State Actions Connecting People to Care
Balancing the high, upfront costs of providing curative treatment for people with hepatitis C against the long-term costs of treating chronic HCV infection is a challenge for states. Many states have taken innovative approaches to increasing access to this lifesaving treatment.
Maryland, for instance, has partnered with Medicare in a unique program to help cover DAA treatment for Medicaid beneficiaries. Because many of the costs associated with chronic hepatitis C infection occur later in life when patients transition to Medicare, that program could see cost savings by investing in treatment now before more costly complications occur. The Maryland model gives Medicare the option of crediting Medicaid for spending money today that it will save on health care costs in the future. A University of Southern California study found that this approach would save $158 to $178 in annual treatment costs per patient or a potential savings of $1.4 billion over 25 years.
Another approach taken by states to improve access to DAAs is removing prior authorization requirements from Medicaid. Prior authorization is a requirement in which physicians and other health care providers must obtain advance approval from a health plan before a physician can deliver a specific service. Prior authorization can delay treatment for four to six weeks and is an intensive process for health care providers. Prior authorization is required for most patients to receive DAA treatment. However, according to the Hepatitis C: State of Medicaid Access project, 21 states have removed prior authorization for DAA treatment in Medicaid. This includes Arizona, Colorado, Oregon and Texas.
For states that have not removed the prior authorization requirement for DAAs, sobriety and fibrosis restrictions may also limit patients’ access to DAA treatment. Some restrictions related to substance use require complete abstinence from drug and alcohol use for a specified timeframe before treatment can be initiated. At least 42 states have removed sobriety restrictions. Fibrosis restrictions require patients to wait until hepatitis C damages their liver before receiving treatment. Liver damage is measured with a “fibrosis score” that must be sufficiently high before a doctor can initiate treatment. As of January 2024, all 50 states (most recently, Arkansas and South Dakota) and the District of Columbia have eliminated their fibrosis restrictions. According to a recent “Dear Colleague” letter authored by the Department of Justice, Department of Health and Human Services and the Centers for Medicare and Medicaid Services, say Medicaid programs that do not ensure access to DAA treatment for people with substance use disorders may be running afoul of ADA requirements.

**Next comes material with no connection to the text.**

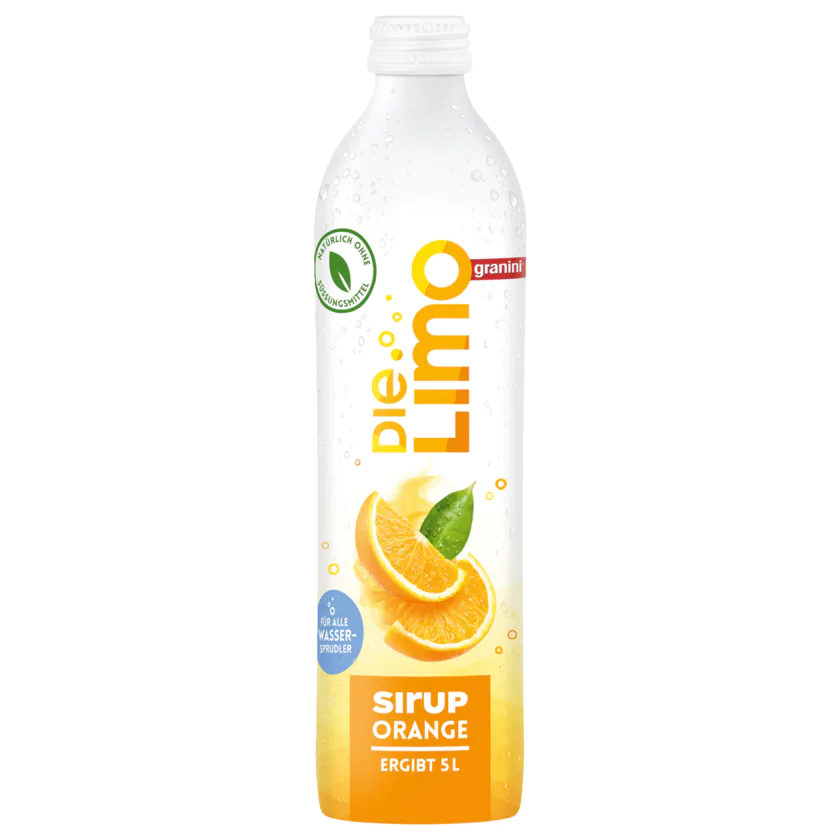 Granini Die Limo Sirup Orange Sirup 0,5l - 4048517700507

Two states, Louisiana and Washington, have implemented “subscription” models to address the high cost associated with DAA treatment. Under this model, both states have unrestricted access to curative medication for a single set price. Both Louisiana and Washington have used the model to provide access to Medicaid participants and incarcerated populations. Both states have also emphasized identifying and screening for people with HCV recognizing that treating and curing people with existing infections means those individuals cannot transmit the disease to anyone else, effectively preventing new infections. Evaluations of these models also underscore the value of screening for hepatitis C infection to identify treatment needs.
Other State Actions
Given the continued lack of HCV infection awareness among the U.S. population, states are also working to test and identify people with the disease to help facilitate earlier linkage to curative treatment. Kentucky requires providers to test pregnant women for hepatitis C. California requires adult patients receiving primary care services in specified settings be offered a screening test for hepatitis B and hepatitis C.
Harm reduction strategies allow people who use drugs to reduce the associated negative consequences, such as overdose deaths and transmission of infectious diseases like hepatitis C. Most new HCV infections are due to injection drug use. One harm reduction strategy provides sterile injection equipment to reduce the transmission of these infections. Locally led harm reduction efforts such as syringe programs offer a range of services, including linkages to care and treatment. People who use syringe programs are five times more likely to enter drug treatment and three times more likely to stop using drugs.
Examples of how states have supported harm reduction include New Jersey, which enacted a bill permitting the establishment of harm reduction services, including distribution of sterile syringes and fentanyl testing equipment, to reduce disease transmission related to personal drug use. Arizona enacted a measure allowing local governments or nongovernmental organizations to provide and safely dispose of supplies such as needles and syringes. New Mexico enacted legislation that expands sterile equipment and substance testing supplies available at harm reduction centers. North Dakota exempted syringes and other sterile equipment provided by syringe service programs from their drug paraphernalia laws.